PhD Qualifying Examination


Title: "Advanced Reverse Engineering"

by

Mr. Zhibo LIU


Abstract:

Software reverse engineering is a practice of understanding the intentions of 
software developers by analyzing and extracting design and implementation 
information from compiled software. It works as an automatic process of 
converting the incomprehensible binary files into human-readable high-level 
language. As the cornerstone of various cybersecurity tasks, software reverse 
engineering widely enables malware analysis, off-the-shelf software security 
hardening, cross-architecture code reuse, and vulnerability detection, in which 
cases the source code is usually unavailable.

Because of its importance, software reverse engineering has evolved over the 
last few decades and has developed into a complete and systematic process. 
Typically, software reverse engineering on the x86 platform consists of three 
parts as disassembly, lifting, and decompilation. The disassembler translates 
hex values in executable into assembly instructions at the disassembly stage. 
Then the assembly instructions will be lifted into a variety of different 
Intermediate Representations (IRs) by the lifter at the lifting stage. Finally, 
at the decompilation stage, the decompiler converts IR into comprehensible 
high-level language.

Accurate software reverse engineering is notoriously hard because the compiler 
discards unnecessary information during converting source code to machine code. 
Nowadays, there are lots of studies focused on recovering more information from 
binary executables. However, the perfect solution remains do not exist. 
Therefore, to help understand the challenges and the state-of-the-art (SOTA) 
methodology of software reverse engineering techniques, iv we conduct a 
thorough survey related to the existing researches and a detailed comparison 
among the different methods at different stages.

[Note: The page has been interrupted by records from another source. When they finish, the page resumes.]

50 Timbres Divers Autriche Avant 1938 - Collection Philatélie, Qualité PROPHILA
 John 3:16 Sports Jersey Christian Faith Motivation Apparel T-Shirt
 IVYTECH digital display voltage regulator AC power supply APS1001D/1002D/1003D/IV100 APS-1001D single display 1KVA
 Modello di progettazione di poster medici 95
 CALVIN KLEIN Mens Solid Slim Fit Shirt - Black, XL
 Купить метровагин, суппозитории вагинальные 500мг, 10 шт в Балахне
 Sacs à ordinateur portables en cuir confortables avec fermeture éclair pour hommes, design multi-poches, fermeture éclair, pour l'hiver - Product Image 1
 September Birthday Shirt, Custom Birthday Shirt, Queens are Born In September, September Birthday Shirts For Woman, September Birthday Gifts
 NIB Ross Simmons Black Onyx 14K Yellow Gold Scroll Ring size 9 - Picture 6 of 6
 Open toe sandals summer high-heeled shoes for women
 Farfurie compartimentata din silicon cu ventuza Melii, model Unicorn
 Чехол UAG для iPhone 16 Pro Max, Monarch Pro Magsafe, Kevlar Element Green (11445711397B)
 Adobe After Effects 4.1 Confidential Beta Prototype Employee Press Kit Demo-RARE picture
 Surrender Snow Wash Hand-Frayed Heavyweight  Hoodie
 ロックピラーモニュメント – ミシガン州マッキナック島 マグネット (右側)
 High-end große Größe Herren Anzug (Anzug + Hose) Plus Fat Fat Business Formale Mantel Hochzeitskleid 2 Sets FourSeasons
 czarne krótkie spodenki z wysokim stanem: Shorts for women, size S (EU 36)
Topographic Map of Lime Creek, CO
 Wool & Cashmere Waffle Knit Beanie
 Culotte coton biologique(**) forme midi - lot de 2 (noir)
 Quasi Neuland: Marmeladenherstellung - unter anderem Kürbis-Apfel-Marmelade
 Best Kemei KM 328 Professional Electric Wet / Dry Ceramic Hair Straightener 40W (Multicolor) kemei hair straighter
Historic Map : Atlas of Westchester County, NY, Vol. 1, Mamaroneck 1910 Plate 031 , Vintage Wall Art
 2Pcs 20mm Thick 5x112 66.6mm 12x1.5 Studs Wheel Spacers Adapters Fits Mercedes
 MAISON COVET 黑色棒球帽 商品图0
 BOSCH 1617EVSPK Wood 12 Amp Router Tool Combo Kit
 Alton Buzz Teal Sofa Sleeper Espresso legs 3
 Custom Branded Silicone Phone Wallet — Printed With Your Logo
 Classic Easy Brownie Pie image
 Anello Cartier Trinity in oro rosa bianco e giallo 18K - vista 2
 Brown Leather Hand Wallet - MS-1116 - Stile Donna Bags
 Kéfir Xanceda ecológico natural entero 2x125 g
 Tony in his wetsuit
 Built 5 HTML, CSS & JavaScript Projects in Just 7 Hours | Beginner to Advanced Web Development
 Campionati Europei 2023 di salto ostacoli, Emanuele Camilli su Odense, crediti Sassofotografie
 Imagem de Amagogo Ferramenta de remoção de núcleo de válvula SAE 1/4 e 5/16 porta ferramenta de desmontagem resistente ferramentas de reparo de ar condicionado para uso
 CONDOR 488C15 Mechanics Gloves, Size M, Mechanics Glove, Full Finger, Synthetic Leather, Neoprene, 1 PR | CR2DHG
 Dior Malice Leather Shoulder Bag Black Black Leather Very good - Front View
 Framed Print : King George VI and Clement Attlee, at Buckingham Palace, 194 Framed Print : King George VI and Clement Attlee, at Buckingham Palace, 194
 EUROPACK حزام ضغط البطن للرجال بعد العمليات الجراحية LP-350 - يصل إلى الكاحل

According to the procedure of software reverse engineering, we first introduce 
the difficulties in three stages: disassembly, lifting, and decompilation. 
Afterward, we discuss recent works related to disassembly and reassembleable 
disassembly techniques and their pros and cons. Then we compare and divide 
existing lifting techniques into two categories of emulation-style and 
succinct-style. Moreover, we also show the advanced decompilation techniques 
for converting IR to pseudo C code. Finally, we discuss the emerging fields and 
application scenarios of decompilation technology. After a thorough survey of 
the existing literature, we also suggest several potential future research 
directions that could drive the development of software reverse engineering 
techniques. We believe our survey will benefit the entire reverse engineering 
community.


Date:			Monday, 6 December 2021

Time:                  	1:00pm - 3:00pm

Venue:			Room 3494
 			(lifts 25/26)

Committee Members:	Dr. Shuai Wang (Supervisor)
 			Dr. Charles Zhang (Chairperson)
 			Dr. Dimitris Papadopoulos
 			Dr. Lionel Parreaux


**** ALL are Welcome ****